Namely, in the prior art lead frame with the beam-shaped leads
(external connection terminals) extending in a comb shape from the
frame portions toward the die-pad portion, there has been a problem
in that the demand for increasing the number of terminals is not
necessarily satisfied.
[0011] The applicant of this application has proposed one approach
to solve such a problem (Japanese Patent Application No.

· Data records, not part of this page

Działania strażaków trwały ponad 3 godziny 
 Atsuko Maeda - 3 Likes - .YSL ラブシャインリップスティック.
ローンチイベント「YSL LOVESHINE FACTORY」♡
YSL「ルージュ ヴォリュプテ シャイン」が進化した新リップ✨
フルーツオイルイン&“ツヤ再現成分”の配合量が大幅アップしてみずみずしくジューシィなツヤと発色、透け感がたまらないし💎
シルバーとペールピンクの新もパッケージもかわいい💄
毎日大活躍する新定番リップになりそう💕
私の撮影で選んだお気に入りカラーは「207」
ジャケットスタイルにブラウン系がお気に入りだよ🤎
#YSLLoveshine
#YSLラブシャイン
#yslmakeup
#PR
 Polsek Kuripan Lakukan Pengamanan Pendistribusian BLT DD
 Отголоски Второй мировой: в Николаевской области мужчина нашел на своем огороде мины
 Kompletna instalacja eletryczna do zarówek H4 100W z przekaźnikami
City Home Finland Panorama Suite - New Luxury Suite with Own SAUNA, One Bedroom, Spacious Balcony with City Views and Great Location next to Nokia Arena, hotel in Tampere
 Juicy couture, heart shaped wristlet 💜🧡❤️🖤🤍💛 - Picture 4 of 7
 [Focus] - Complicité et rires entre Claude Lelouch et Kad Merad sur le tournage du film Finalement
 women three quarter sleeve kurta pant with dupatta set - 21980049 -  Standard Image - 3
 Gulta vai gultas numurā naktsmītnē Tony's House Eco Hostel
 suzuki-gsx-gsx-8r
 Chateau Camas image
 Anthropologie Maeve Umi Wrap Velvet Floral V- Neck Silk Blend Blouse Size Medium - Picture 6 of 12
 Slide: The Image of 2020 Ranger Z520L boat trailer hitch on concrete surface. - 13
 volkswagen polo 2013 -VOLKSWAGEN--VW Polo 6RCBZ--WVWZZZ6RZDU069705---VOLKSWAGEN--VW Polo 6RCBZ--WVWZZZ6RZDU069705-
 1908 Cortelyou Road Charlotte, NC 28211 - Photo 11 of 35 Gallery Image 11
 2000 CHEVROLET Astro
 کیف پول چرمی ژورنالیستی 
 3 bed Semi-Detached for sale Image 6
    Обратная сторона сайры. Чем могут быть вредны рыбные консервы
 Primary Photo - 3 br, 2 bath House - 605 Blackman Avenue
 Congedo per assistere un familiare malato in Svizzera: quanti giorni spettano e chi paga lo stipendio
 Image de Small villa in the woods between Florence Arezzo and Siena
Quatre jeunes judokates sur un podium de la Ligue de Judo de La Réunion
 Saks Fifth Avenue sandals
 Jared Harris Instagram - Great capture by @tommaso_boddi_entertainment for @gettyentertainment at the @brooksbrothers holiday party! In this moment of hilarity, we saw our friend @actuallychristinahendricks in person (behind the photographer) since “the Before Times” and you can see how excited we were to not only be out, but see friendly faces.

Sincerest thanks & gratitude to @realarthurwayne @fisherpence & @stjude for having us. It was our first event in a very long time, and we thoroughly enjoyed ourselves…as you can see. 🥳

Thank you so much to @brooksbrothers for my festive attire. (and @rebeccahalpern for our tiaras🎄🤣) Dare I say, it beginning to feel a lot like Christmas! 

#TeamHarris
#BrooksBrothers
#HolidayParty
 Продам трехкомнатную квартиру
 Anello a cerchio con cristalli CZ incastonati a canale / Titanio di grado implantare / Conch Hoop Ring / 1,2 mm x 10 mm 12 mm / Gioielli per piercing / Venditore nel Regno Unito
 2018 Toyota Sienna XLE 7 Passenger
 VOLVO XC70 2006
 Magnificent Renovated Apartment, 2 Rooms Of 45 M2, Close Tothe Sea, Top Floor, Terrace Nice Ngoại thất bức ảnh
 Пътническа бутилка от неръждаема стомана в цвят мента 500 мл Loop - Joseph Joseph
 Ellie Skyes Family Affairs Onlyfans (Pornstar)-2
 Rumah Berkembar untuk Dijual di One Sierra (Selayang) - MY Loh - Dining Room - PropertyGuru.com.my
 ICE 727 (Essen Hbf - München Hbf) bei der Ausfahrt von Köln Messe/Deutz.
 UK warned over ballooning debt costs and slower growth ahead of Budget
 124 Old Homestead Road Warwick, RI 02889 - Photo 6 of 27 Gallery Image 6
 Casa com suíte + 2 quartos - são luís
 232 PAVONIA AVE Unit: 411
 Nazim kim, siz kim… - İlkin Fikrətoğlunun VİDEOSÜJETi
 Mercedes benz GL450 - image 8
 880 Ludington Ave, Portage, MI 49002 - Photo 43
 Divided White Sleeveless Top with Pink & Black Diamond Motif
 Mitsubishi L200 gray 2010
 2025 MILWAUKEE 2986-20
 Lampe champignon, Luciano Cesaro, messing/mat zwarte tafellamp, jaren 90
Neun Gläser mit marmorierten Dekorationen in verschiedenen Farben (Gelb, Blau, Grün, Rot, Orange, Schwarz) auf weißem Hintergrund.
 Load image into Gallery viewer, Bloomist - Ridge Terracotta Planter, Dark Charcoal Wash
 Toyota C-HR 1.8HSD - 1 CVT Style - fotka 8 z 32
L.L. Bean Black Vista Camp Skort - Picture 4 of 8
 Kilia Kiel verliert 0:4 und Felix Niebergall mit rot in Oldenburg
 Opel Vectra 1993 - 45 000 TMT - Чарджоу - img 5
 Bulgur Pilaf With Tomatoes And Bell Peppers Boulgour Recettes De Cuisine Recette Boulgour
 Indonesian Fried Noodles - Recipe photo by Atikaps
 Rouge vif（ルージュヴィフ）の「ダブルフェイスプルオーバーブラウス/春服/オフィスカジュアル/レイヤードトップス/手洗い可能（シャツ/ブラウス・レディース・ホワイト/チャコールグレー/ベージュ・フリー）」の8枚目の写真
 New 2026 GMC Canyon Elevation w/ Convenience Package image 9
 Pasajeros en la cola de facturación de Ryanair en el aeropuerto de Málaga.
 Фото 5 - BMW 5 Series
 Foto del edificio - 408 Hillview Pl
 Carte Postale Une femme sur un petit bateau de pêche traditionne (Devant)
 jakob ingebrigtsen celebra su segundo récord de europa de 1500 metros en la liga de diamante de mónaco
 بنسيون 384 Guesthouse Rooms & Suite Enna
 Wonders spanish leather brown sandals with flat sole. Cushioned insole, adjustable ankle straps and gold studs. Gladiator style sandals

2001-262876, laid open on Mar. 14, 2003 (Japanese Patent Laid-Open
No. 2003-78094)). The specification and drawings of this
application describe a lead frame including a plurality of
land-like external connection terminals arranged in a lattice
pattern in a region between the frame portions and the die-pad
portion, instead of the prior art beam-shaped leads. According to
the lead frame, the number of terminals can be relatively increased
compared with the prior art lead frame with the beam-shaped leads
(external connection terminals) extending in a comb shape.
[0012] The lead frame is provided with the die-pad portion as in
the prior art. The size (area occupied in the lead frame) of the
die-pad portion is fixedly determined in accordance with the size
of the semiconductor element (chip) to be mounted. In other words,
one lead frame corresponds to one type of chip size. Therefore,
there is a disadvantage in that it is required to manufacture a
lead frame in exclusive use for each type of chip to be mounted,
and thus there is room for improvement.
SUMMARY OF THE INVENTION
[0013] An object of the present invention is to provide a lead
frame which can cope with a plurality of sizes of semiconductor
elements (chips) to be mounted, independently of the sizes thereof
and to provide a method of manufacturing the lead frame. Moreover,
the lead frame allows a plurality of chips to be mounted in one
package (semiconductor device) and also contributes to an increase
in the number of terminals.
[0014] To attain the above object, according to one aspect of the
present invention, there is provided a lead frame including a frame
portion, and a plurality of land-like conductor portions arranged
in a lattice pattern within a region surrounded by the frame
portion, wherein the frame portion and the plurality of land-like
conductor portions are supported by an adhesive tape.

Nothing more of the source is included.